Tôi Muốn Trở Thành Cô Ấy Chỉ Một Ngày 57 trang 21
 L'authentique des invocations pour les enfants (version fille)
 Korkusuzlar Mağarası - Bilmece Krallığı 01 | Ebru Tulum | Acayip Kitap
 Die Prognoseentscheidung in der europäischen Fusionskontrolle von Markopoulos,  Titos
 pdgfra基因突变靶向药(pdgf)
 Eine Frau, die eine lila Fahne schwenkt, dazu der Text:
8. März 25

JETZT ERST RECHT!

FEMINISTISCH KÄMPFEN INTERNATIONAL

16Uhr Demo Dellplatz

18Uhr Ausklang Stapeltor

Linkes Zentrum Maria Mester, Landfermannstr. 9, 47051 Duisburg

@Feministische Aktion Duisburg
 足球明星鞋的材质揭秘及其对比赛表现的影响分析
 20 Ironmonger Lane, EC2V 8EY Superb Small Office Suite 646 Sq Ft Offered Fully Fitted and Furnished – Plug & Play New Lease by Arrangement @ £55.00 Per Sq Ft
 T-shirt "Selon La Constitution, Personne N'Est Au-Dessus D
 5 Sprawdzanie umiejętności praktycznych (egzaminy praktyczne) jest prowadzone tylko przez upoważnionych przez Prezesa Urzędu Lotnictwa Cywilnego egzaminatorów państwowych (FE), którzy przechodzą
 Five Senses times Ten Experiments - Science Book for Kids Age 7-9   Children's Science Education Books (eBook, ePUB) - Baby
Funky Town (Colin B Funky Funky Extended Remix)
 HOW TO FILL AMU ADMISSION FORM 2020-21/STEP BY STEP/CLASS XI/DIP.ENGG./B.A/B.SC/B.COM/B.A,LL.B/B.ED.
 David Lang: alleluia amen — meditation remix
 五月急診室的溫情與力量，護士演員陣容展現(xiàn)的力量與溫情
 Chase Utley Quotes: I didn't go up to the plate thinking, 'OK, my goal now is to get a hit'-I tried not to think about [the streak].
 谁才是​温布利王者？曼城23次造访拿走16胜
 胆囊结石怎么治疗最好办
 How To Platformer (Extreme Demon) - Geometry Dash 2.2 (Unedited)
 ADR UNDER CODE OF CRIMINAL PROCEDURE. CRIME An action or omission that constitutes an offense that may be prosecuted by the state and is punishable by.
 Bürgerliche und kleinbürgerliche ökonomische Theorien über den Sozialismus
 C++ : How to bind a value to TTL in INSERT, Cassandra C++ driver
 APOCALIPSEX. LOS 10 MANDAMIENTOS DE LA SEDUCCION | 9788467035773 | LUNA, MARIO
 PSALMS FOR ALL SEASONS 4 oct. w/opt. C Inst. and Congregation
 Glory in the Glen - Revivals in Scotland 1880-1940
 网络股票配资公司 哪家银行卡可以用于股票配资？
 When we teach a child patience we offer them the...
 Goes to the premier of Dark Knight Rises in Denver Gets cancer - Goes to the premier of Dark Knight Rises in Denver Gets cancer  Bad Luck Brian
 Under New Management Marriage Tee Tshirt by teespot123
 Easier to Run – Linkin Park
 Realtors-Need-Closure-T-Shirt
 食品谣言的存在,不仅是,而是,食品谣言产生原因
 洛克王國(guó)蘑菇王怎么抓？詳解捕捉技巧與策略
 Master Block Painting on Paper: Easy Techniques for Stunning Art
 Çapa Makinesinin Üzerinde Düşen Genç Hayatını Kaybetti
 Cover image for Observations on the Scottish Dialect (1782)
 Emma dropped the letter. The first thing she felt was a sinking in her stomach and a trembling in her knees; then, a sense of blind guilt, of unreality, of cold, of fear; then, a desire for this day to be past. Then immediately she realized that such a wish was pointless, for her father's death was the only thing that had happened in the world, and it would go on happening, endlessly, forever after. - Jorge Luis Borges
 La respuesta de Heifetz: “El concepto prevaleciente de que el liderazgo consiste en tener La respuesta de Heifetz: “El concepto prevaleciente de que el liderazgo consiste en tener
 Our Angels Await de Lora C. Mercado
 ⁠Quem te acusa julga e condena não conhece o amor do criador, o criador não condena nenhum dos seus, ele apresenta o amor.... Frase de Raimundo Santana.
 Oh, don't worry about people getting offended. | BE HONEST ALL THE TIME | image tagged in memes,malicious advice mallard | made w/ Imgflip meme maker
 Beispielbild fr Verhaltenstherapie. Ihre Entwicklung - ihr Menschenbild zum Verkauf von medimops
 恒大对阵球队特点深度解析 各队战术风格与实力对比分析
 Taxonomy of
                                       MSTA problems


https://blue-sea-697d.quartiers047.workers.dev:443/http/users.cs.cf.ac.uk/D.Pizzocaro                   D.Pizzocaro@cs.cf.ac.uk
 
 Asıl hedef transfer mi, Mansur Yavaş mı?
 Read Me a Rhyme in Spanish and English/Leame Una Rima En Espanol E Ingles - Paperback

**What needs to be done**
Go to the line with "胆囊结石怎么治疗最好办" in the entries above and repeat every line from there through the line with "Glory in the", exactly and with no other text.

**Response to the task**
 胆囊结石怎么治疗最好办
 How To Platformer (Extreme Demon) - Geometry Dash 2.2 (Unedited)
 ADR UNDER CODE OF CRIMINAL PROCEDURE. CRIME An action or omission that constitutes an offense that may be prosecuted by the state and is punishable by.
 Bürgerliche und kleinbürgerliche ökonomische Theorien über den Sozialismus
 C++ : How to bind a value to TTL in INSERT, Cassandra C++ driver
 APOCALIPSEX. LOS 10 MANDAMIENTOS DE LA SEDUCCION | 9788467035773 | LUNA, MARIO
 PSALMS FOR ALL SEASONS 4 oct. w/opt. C Inst. and Congregation
 Glory in the Glen - Revivals in Scotland 1880-1940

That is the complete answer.